Above is a hand drawn depiction of a silver coin, a tetradrachm from the time of Amyntas.  This coin is the only silver coin known from the reign of Amyntas.  On the obverse side there is the head of Minerva/Athena and to the left a monogram of Amyntas is visible.  On the reverse side a winged victory (Nike) is swiftly walking and holding a sceptre and diadem on her right hand and holding her drapery with her left hand.  The sceptre and diadem, originally symbols of divinity, probably symbolized the regality of Amyntas.  The words Basileus and Amyntas are clearly visible.  The letters IB are said to indicate the date of issue, the 12th [10] year of his reign, based on comparison of similar coins of the period.  As mentioned earlier there are golden coins of the tetradrachm design.  However, experts are in disagreement whether all or some of the golden coins are fake.
Above are the actual pictures of  silver tetradrachms from the reign of Amyntas.  On the obverse side, there is the head of Athena wearing a corinthian helmet as usual.  And on the upper one there is a partial monogram of the mint maker behind the bust of Athena , to the left.  The specters and diadems are of slightly different designs on the reverse of the coins.  The letters IB show up only in the upper coin, indicating the 12th year of Amyntas reign.
The above picture is one of the few gold hectadrachms that circulate in the hands of collectors.  This coin belongs to the Newnham Davis Coins collection.  I do not know if this coin is one of the contraversial gold coins of Amyntas as mentioned earlier.  However, it is the only picture of hectadrachm that I was able to find.  As it is seen, it looks same as the silver tetradrachms of Amyntas.
The bronze coin above is from the time of king Amyntas, issued during his 7th year of his reign.  Apparently the letter “H” on the reverse side indicates “year 7” based on the numismatic evaluation of similar coins.  The eagle on the reverse is not clear bu it is holding a thunderbolt.
Above is an Amyntas coin with head of Hercules and with a club on his shoulder and further above a letter “C” is visible.  The “C” may be the mintmakers monogram.  The obverse side contains a lion walking and the monogram of King Amyntas at the bottom.  The letter “D” at the top marks the 6th year of his reign.  The coin was minted slightly off-center which is a common defect among the coins of this technology and age.  Below is a similar Amyntas coin with the words “BASILEUS” and “AMYNTAS” spelled out on the reverse side.

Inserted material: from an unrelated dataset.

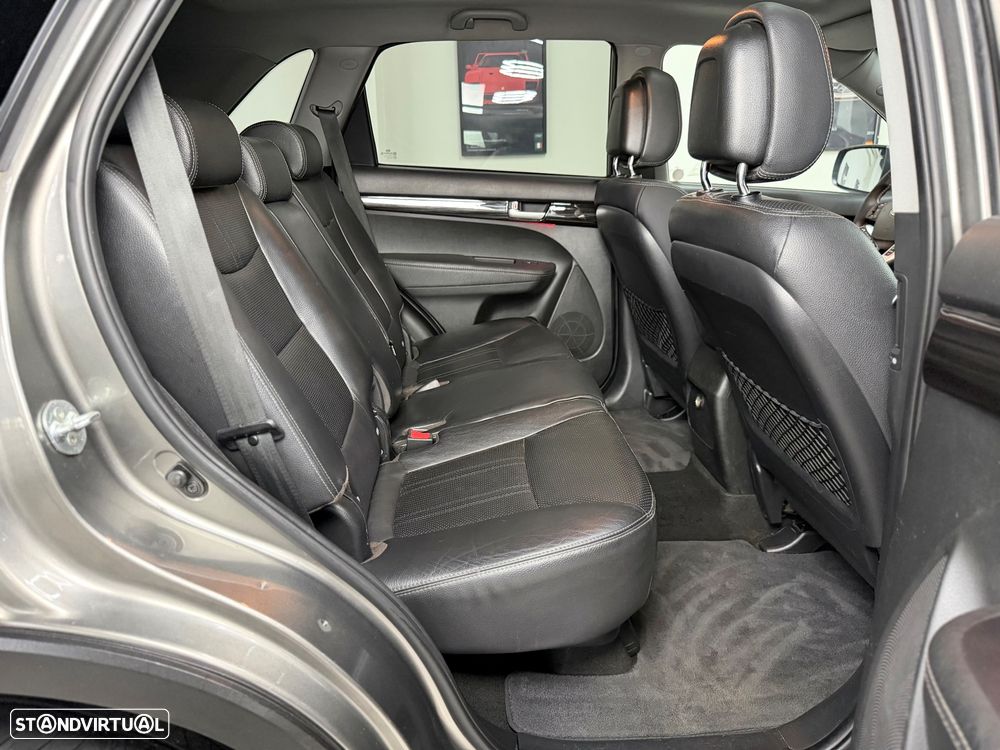 Kia Sorento 2.2 CRDi 4WD Aut. Executive - 22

This one is one of the best surviving Amyntas coins.  Above the club, letters IB is hardly legible, denoting his 12th year of reign.  The reign of Amyntas lasted slightly longer than 10 years possibly with a few months borrowed from the neighboring years in the beginning and the end.  So he must have assumed his position as a king towards the end of 37 B.C. and his death must have occurred during the first few months of 25 B.C.  
Another interesting observation is that the face of the Hercules on the coin minted in the 12th year of Amyntas’ reign is quite different compared to the face of Hercules minted in the coins during the earlier years of his reign.  It is a known practice that rulers sometimes would portray the images of deities in their own image.  It also makes sense that a ruler would attempt such an identification after he has consolidated sufficient political power in his hands.  Therefore, it is possible that the later images of Hercules were based on the actual image of Amyntas.  Are we, indeed, seeing the actual image of Amyntas here? 

Above is another Amyntas coin designed in similar fashion as the others further above.  The words “ΒΑΣHΛΕΩΣ” and “AMYNTOY” are readily legible on the reverse side.  Apart from being one of the best preserved Amyntas’ coins, this one also appears to be a silver mint.  Also, there appears to be a spelling difference compared to other Galatian coins.  This is the only that has the letter “H” as opposed to letter “I” for the fourth letter of the word “BASILEUS.”  Furthermore, the circular dotted lines in the perimeter present a different technique of manufacturing compared to all other Amyntas coins of the time and the slight off-centeredness of similar coins is not seen here.  Could this be a fake Amyntas coin? 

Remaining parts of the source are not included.